Lung tissue sample and BALF

Human lung tissue sections were obtained from the lung tissue biorepository at the University of Alabama at Birmingham as per the IRB protocols and guidelines. “Never’” smokers (n = 9) without COPD with no smoking history were selected as control subjects for the study. The test subjects were “ever” smokers (n = 13), with a past history of smoking (range of 15–25 pack years of smoking) and with COPD (Fig. 1a). Participants were categorized as non-COPD control and COPD based on the Global Initiative for Chronic Obstructive Lung Disease (GOLD)-2017 criteria, with predicted ratio of postbronchodilator forced expiratory volume in 1 s (FEV1) to forced vital capacity < 70% and FEV1 < 80%16. Bronchoalveolar lavage fluid (BALF) was collected from non-COPD (n = 1) and COPD (n = 1) subjects. BALF fluid collected was centrifuged to pellet the cells. Cells were suspended in PBS, counted and diluted for seeding on the glass slide using cytospin. Cells seeded on glass slide were fixed in acetone and stored in − 20 °C until further use. For ANO1 expression analysis these slides were stained with ANO1 specific antibody. Images obtained are provided in the figure sections. All experiments were performed with relevant guidelines of the protocol approved by the institutional Review Board from The University of Alabama at Birmingham, affiliated hospital.

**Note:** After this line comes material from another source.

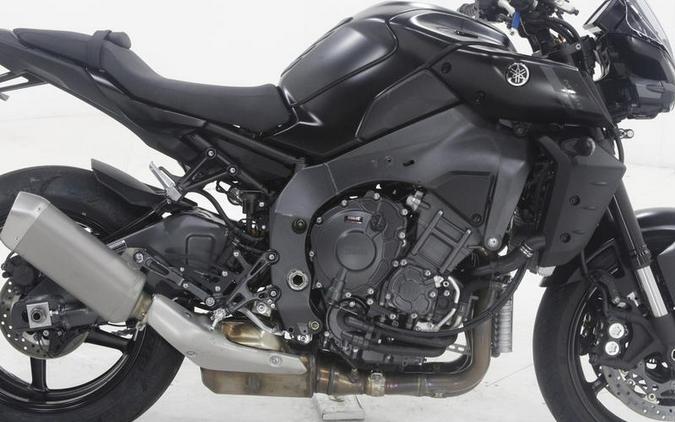 2023 Yamaha MT-10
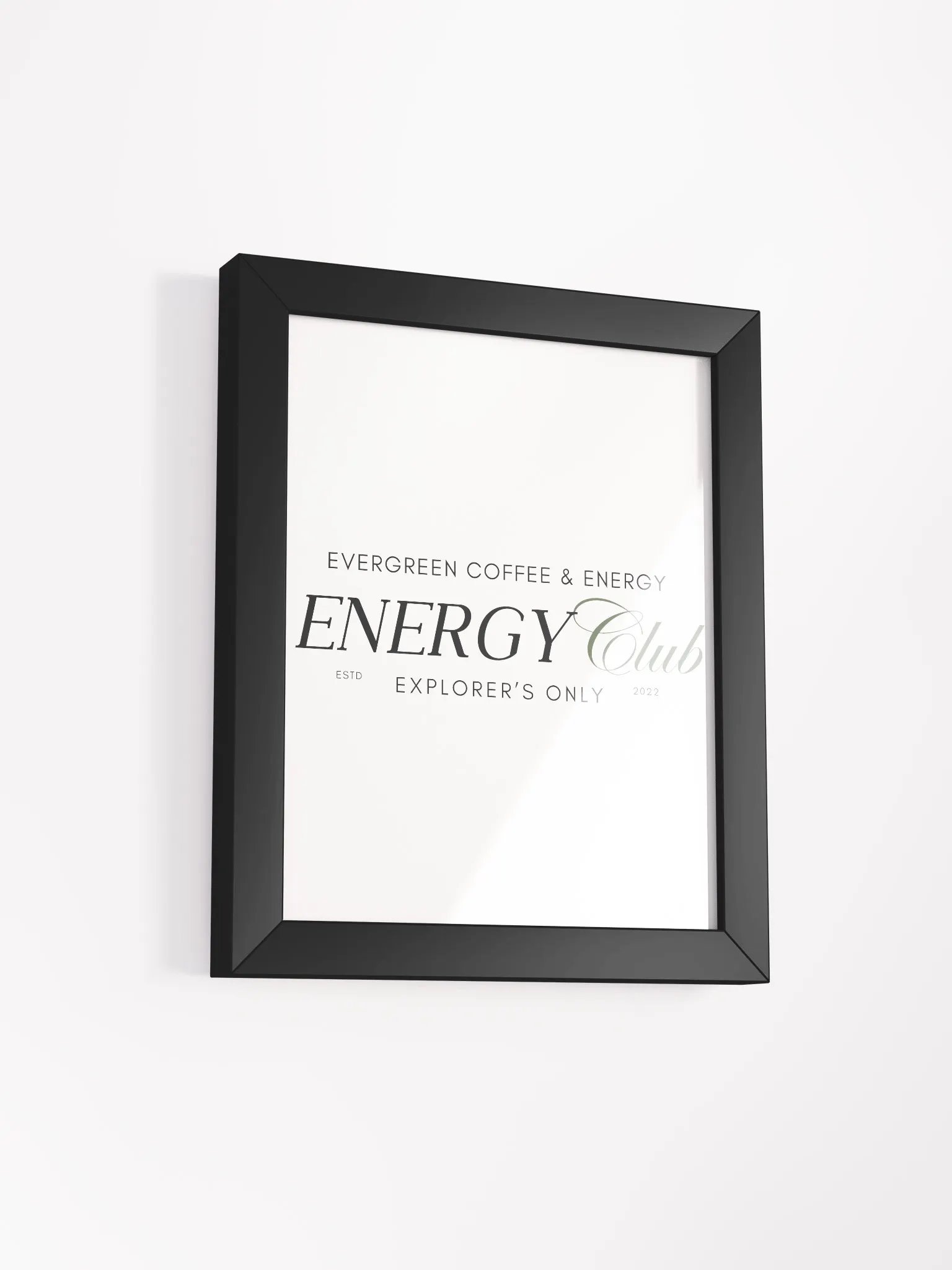 Energy Club Poster | Sip Society product image (4)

Informed consent was obtained from all subjects and/or their legal guardian(s).

Figure 1
figure 1

ANO1 expression in COPD. (a) Patient demographics with age range and smoking status. (b) Non-smoker healthy control (non-COPD) and smokers with COPD (COPD) lung tissue sections stained for ANO1. (c) Bronchoalveolar lavage fluid (BALF) derived cells stained for ANO1. Insets show ANO1 staining in airway epithelial cells. × 20 magnification.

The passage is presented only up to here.